I didn’t use a prime modulus or anything like that. I just chose random integers as variables of the Tutte matrix, and did the GEM on doubles. Chances are small that there’d always be an undetectably non-zero (or zero) solution
So I just try this an (insert constant here) amount of times and decide if the determinant can be non-zero.
That being said, this problem would’ve done better in a short contest. It’s hard to make worst-case test data, so wrong/slow solutions could pass, I think. Also, I solved it using Google Search algorithm, where I googled “perfect matching general graph” and got to Tutte matrix in no time. Overall, deciding if there’s a perfect matching in a graph sounds like a standard problem (and therefore solvable with hardly any effort by finding the solution), so it is a bit of a waste.
I think this problem tested google searching skills more than the programming knowledge. I know this was not intended but all one had to do to solve this problem was to figure out that it is a maximum matching problem in general graphs, search the same, find out about blossom algorithm and then search blossom algorithm code. Nevertheless it led me to many new algorithms and concepts. I read in norbert blum’s paper how a O(m*root(n)) complexity algorithm can find maximum matching in a general graph. If anyone solved the problem using this, please share your code.
what i could derive from other contestants solution that they were selecting vertex having minimum size and then marking it,can somebody expain this concept to me as editorial does not clarifies the concept clearly(atleast to me)?
Most of the accepted code used maximum matching for bipartite graph algorithm… But there may be general graph in test case so how they were passed…
I too did a lot of Google searching for this problem but couldn’t clearly follow the blossom algorithm so tried brute forcing and much to my surprise it got accepted. Initially check if the number of vertices are even. If true, then check if any vertex has degree less than one. If all vertices have degree greater than zero, then sort the vertices based on their degrees and then try to find a solution by removing edges. Try this for every possible combination until a certain set of edge removals satisfy.
The Hungarian algorithm is for bipartite graphs only (how do you convert a matrix to a multipartite graph, anyway?). And bipartite matching can be solved in O(N^3) using network flows, which is much simpler to code.
My idea was to have 2N vertexes let say v1 and v2 for each v, and there is edge between v1[i] and v2[j] iff there is edge v[i] v[j] in original graph…
I had initially thought of an approach exactly like yours. However i later realized that the the graph remaining is guaranteed to have atleast 1 cycle and will not always have exactly 1 cycle.There are many cases in which the remaining graph will consist of multiple cycles joined together for which your algorithm fails.
The approach will be correct however finding a Hamiltonian path in a graph is an NP-complete problem so it would have been difficult to get it accepted within the time limits.

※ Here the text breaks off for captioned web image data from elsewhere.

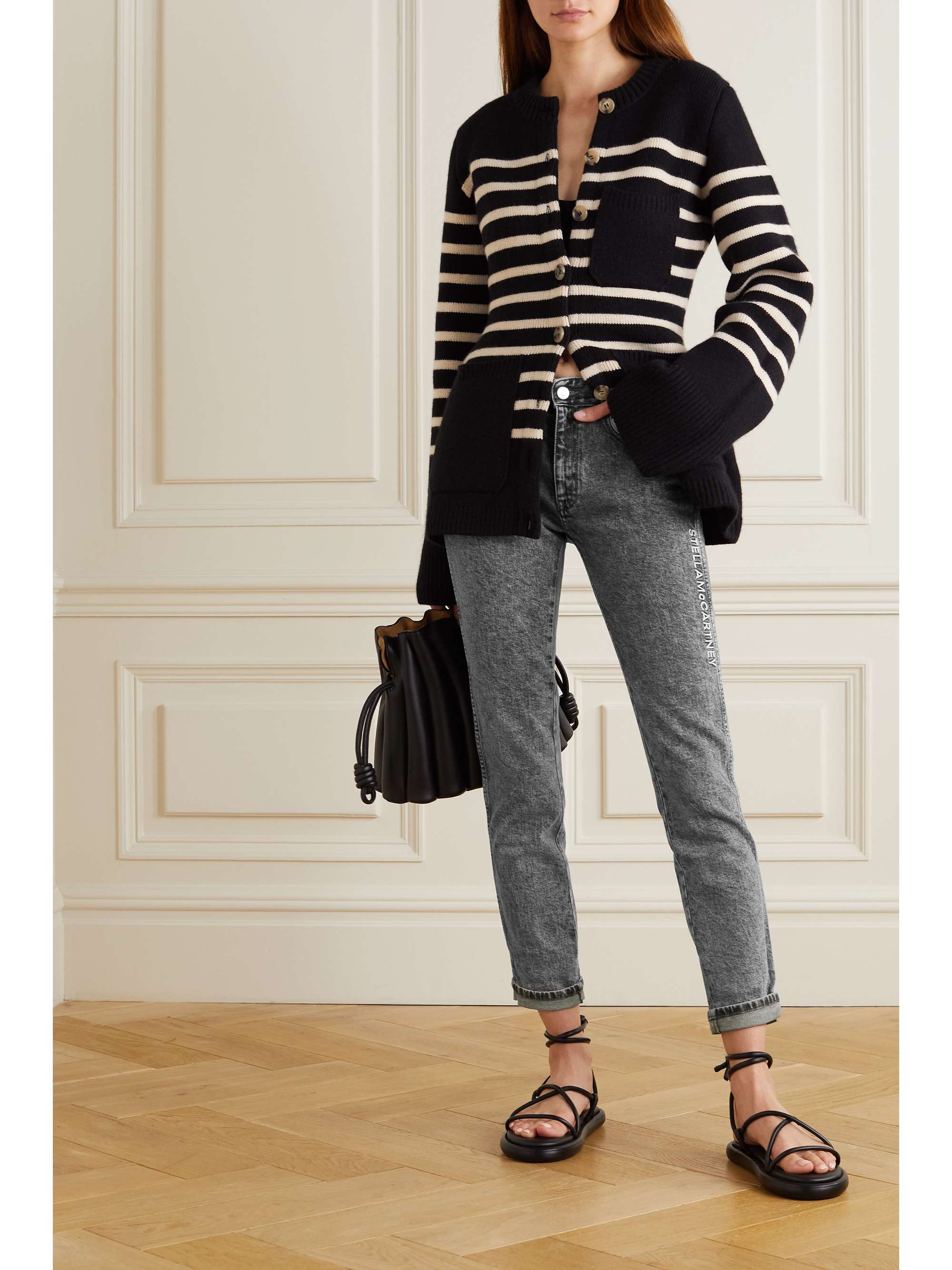 STELLA MCCARTNEY + NET SUSTAIN embroidered organic mid-rise slim-leg jeans
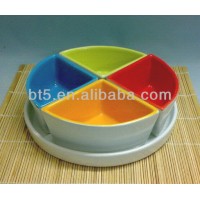 Set 4 Colored Ceramic Snack Tray, Snack Serving Tray Set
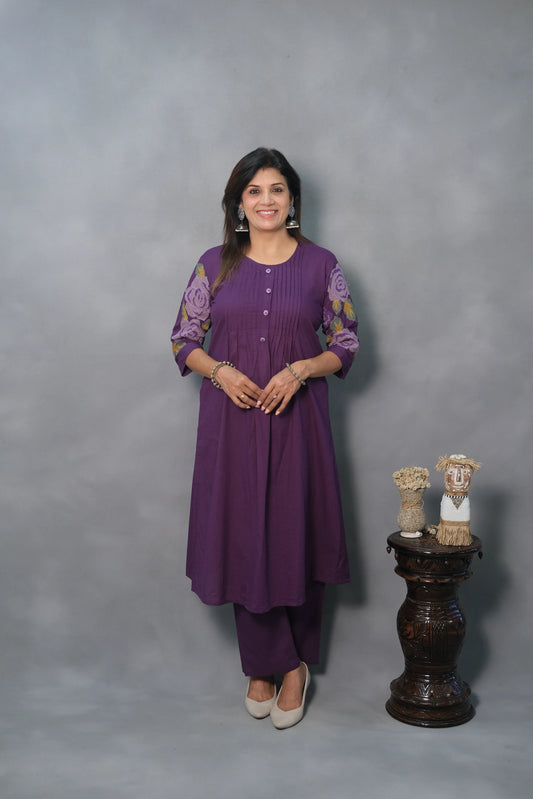Purple Kurta Pant Set with Pintuck & Embroidered Sleeves | Mul Cotton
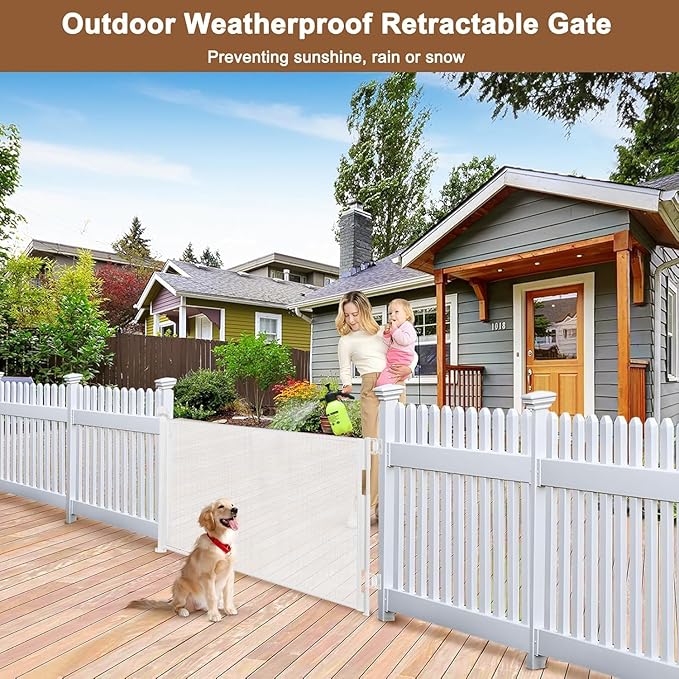 100" Wide Weatherproof Outdoor Retractable Gate for Dogs with No Rust Screws and Rods, Waterproof 8 Ft Extra Long Baby Gates for Large Openings, Scratch-Resistant Mesh Retractable Baby Gates, White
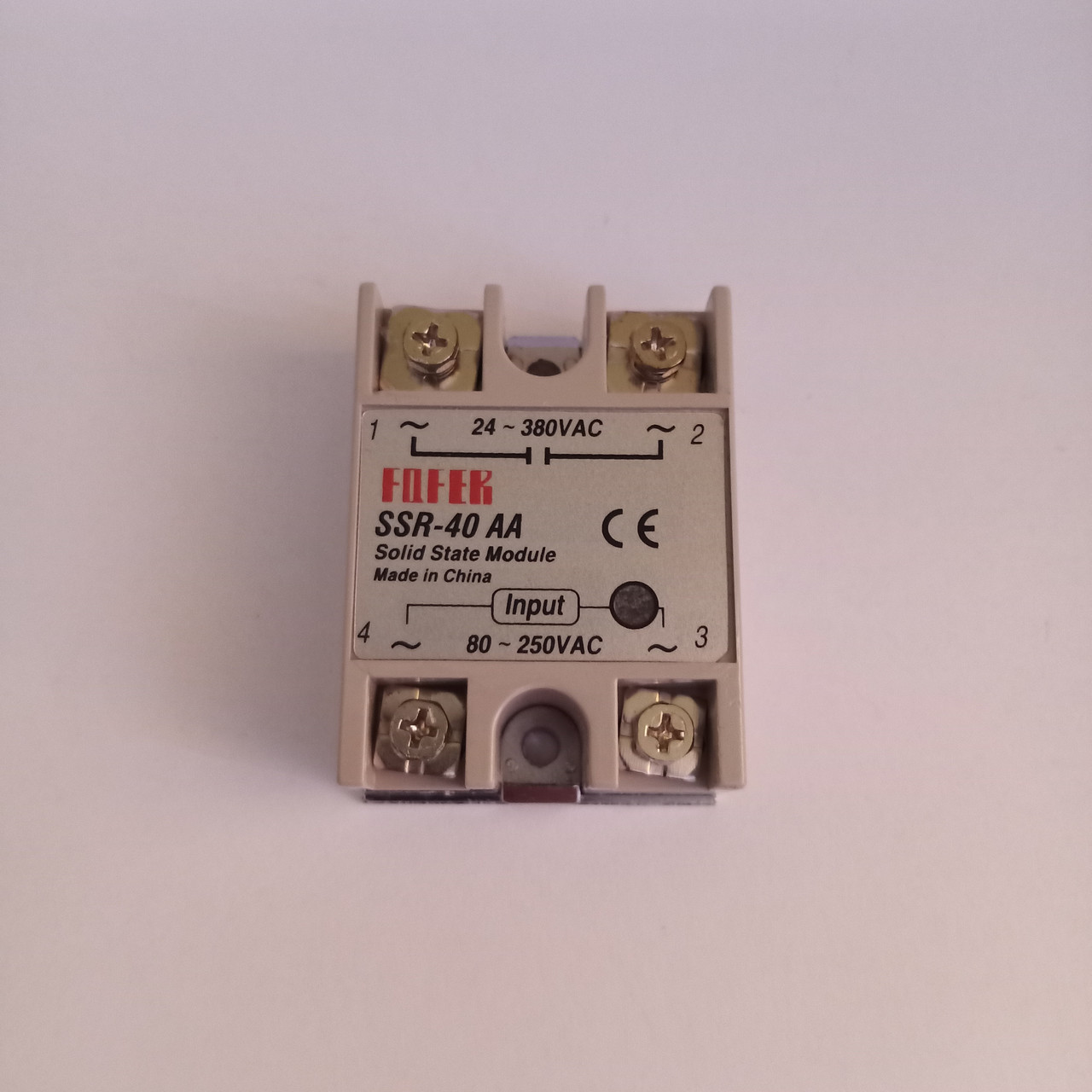 Однофазне твердотільне реле Fqtek (Fotek) SSR-40AA тип AC-AC, Imax 40А 24-380В змінного струму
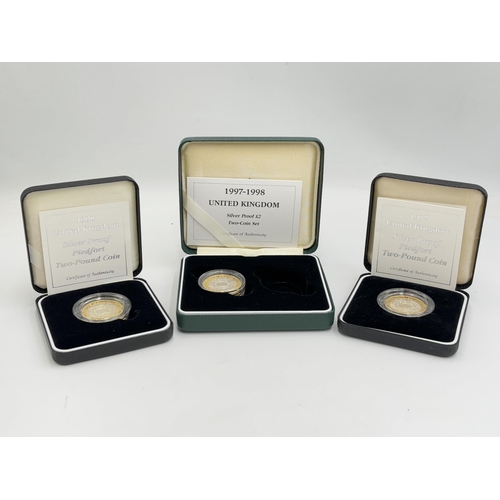 2361 - Three boxed Royal Mint United Kingdom .925 silver and gold plated £2 proof coins with certificates o... 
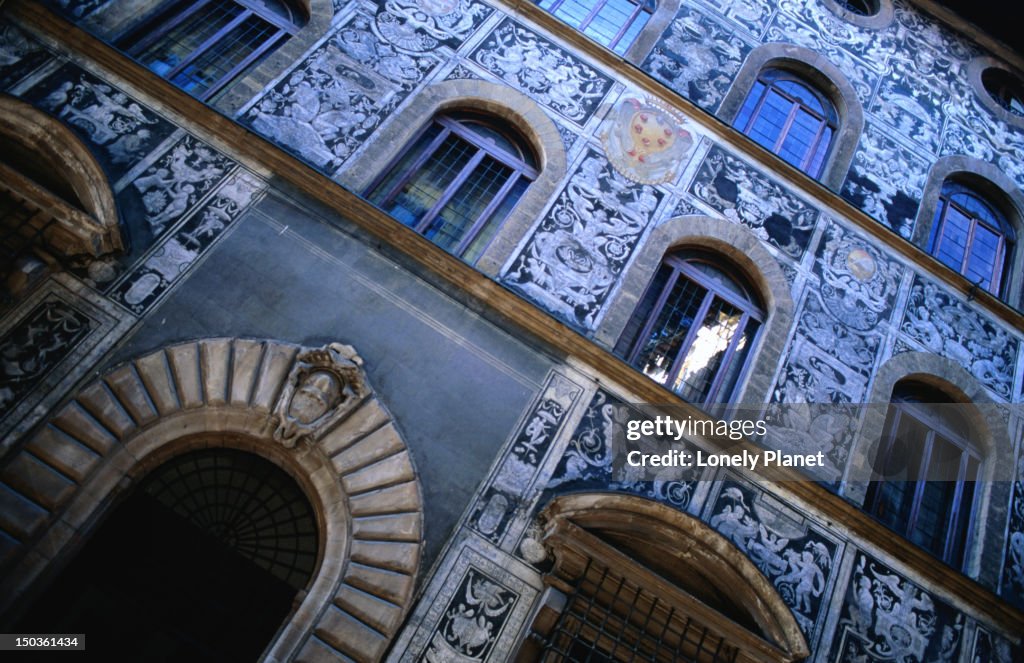 Facade detail of building.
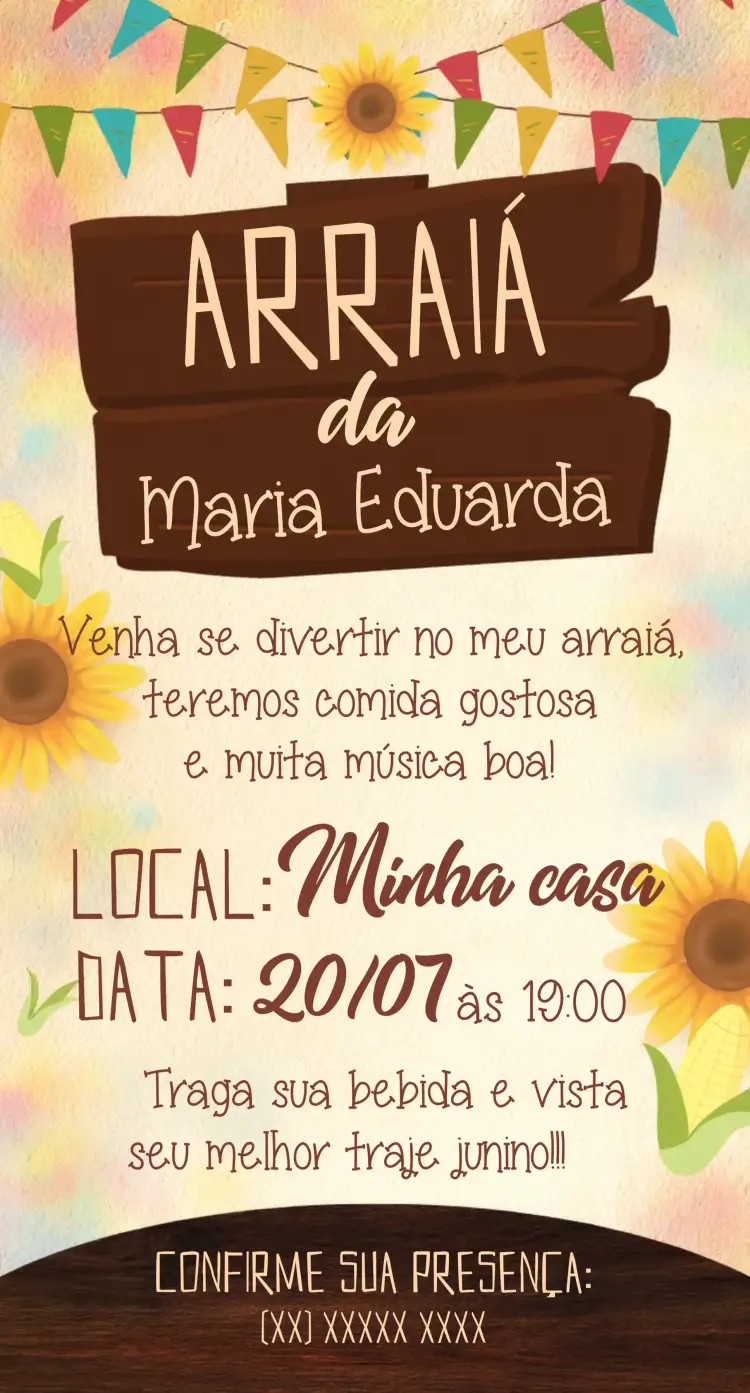 Convite Arraiá Festa Junina Tipicas – tema Datas Comemorativas colorido, tradicional, vintage, rústico, festivo, brincalhão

@sayan_paul: No your algo won’t work…If you consider the follwing test-case:
1
8 8
1 2
2 3
3 4
4 5
5 6
6 4
4 7
7 8.
This test case will answer YES however it does not have any Hamiltonian Path.
@xellos0: could you please look into my submission CodeChef: Practical coding for everyone. I used the Tutte Matrix concept. But it gave me wrong answer. I think somehow I am not setting the correct indeterminants of the Tutte Matrix. Please suggest what is the exact way to set the indeterminants. Thanks in advance.
@m_a_y_a , i used a similar approach , there is one more special case when you have no vertex of degree one (a cycle) - you just can’t plainly tell that if the cycle is of even length then the current component can be matched
Look at this case,
graph with 10 vertices and 12 edges,
[[1 2],[2 3],[1 3],[4 5],[5 6],[4 6],[7 8],[8 9],[7 9],[10 3],[10 5],[10 7]]
The answer is NO even though this graph has no vertices with degree 0 or 1 and has an even length (contains cycles), you can’t match this graph.
In order to solve it, i used this approach, found an articulation point in the cycle and associated it with any one of its adjacent edges having odd cycle length and disconnect the graph. Then again follow the entire algorithm from the start on the remaining graph. Worked Out !